● **RECORDS TO USE**:
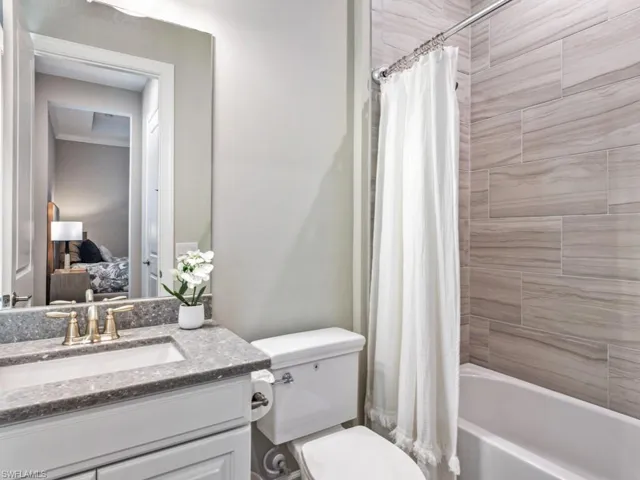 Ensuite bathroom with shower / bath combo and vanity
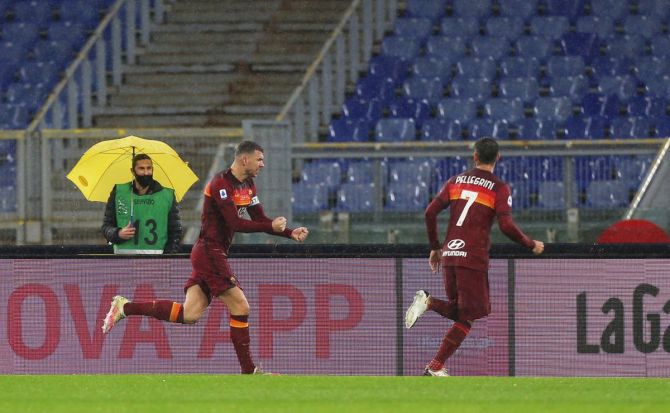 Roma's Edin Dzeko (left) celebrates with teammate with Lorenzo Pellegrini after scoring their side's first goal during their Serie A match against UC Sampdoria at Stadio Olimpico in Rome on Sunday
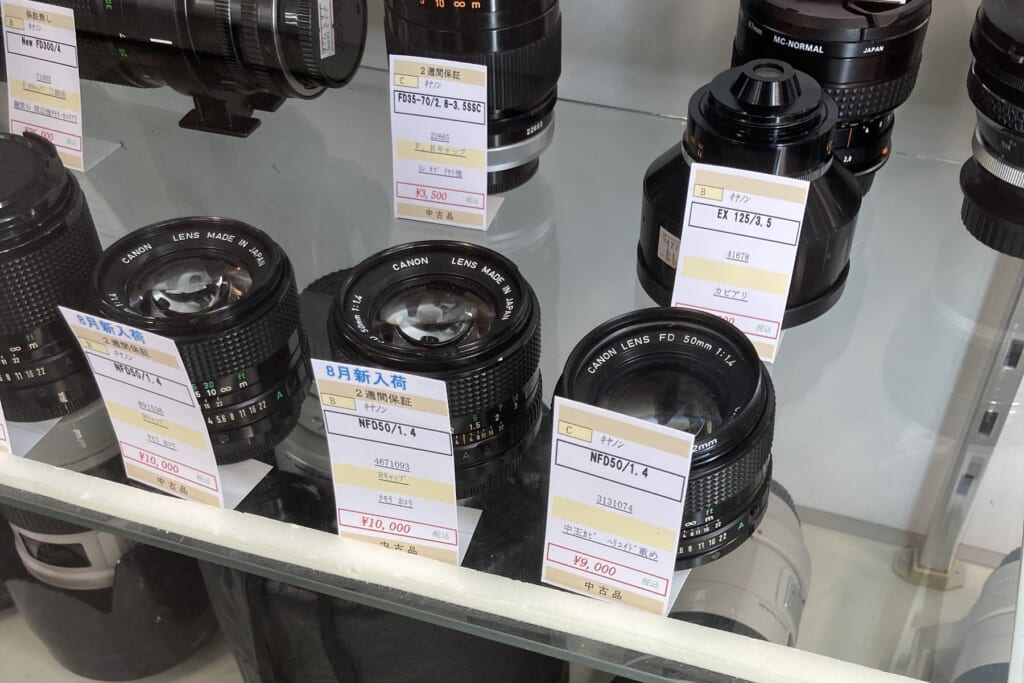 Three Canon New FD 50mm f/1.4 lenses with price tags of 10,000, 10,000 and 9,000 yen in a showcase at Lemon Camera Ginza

...

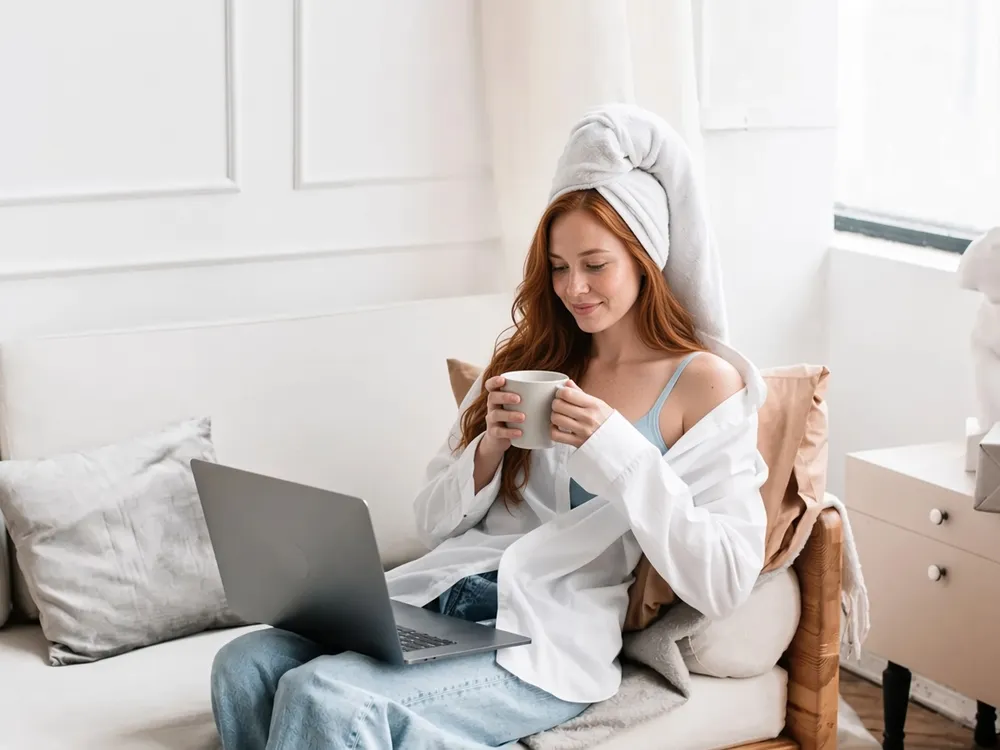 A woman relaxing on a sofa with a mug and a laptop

● **YOUR TASK**:
Above are records; write out the lines from the one with "Roma's Edin Dzeko" down to the one with "Three Canon New", exactly, leaving the pictures out.

● **REPLY**:
 Roma's Edin Dzeko (left) celebrates with teammate with Lorenzo Pellegrini after scoring their side's first goal during their Serie A match against UC Sampdoria at Stadio Olimpico in Rome on Sunday
 Three Canon New FD 50mm f/1.4 lenses with price tags of 10,000, 10,000 and 9,000 yen in a showcase at Lemon Camera Ginza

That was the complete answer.